An object starts a linear motion with velocity $u$ and with uniform acceleration $a$,it acquires a velocity $v$ in time $t$.
$(a)$ Draw its velocity-time graph.
$(b)$ Obtain the first equation of motion,$v = u + at$,for the velocity-time relation by using the velocity-time graph.
$(c)$ $A$ body moving with a velocity of $2 \, m s^{-1}$ acquires a velocity of $10 \, m s^{-1}$ in $5 \, s$. Find its acceleration.

(N/A) The velocity-time graph is shown in the figure.
$(b)$ The slope of the velocity-time graph gives the acceleration of the motion.
Slope $= \frac{\text{Change in velocity}}{\text{Time taken}} = \frac{v - u}{t - 0} = \frac{v - u}{t}$
Since acceleration $a = \text{slope}$,we have $a = \frac{v - u}{t}$.

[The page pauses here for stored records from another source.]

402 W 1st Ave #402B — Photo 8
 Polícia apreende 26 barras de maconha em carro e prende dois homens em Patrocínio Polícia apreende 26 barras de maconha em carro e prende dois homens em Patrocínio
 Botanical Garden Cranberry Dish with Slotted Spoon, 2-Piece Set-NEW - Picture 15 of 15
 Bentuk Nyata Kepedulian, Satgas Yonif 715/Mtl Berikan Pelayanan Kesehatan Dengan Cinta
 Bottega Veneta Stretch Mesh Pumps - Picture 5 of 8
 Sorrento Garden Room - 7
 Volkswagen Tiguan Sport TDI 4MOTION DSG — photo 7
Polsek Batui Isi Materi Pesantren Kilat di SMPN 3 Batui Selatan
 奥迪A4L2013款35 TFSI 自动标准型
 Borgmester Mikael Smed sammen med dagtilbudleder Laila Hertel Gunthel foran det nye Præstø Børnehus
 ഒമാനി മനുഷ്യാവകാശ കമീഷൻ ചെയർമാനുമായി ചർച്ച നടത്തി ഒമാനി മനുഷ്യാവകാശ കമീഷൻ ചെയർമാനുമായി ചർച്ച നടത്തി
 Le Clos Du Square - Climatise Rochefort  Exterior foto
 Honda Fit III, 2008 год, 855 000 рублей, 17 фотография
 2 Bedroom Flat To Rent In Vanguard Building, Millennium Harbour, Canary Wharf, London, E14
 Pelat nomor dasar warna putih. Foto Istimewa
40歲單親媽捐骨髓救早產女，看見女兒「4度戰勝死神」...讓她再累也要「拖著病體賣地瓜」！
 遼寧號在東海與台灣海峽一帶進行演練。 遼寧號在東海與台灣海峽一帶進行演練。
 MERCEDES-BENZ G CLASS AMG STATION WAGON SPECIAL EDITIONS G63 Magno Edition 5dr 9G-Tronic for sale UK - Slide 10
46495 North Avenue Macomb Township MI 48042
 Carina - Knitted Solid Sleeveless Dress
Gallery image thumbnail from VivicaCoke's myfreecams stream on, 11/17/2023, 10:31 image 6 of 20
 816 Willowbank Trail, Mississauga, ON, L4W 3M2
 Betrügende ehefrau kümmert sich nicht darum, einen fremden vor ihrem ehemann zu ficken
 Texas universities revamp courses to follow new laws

Rearranging this gives $at = v - u$,or $v = u + at$.
$(c)$ Given:
Initial velocity $u = 2 \, m s^{-1}$
Final velocity $v = 10 \, m s^{-1}$
Time $t = 5 \, s$
Using the first equation of motion $v = u + at$:
$10 = 2 + a(5)$
$10 - 2 = 5a$
$8 = 5a$
$a = \frac{8}{5} = 1.6 \, m s^{-2}$
Thus,the acceleration is $1.6 \, m s^{-2}$.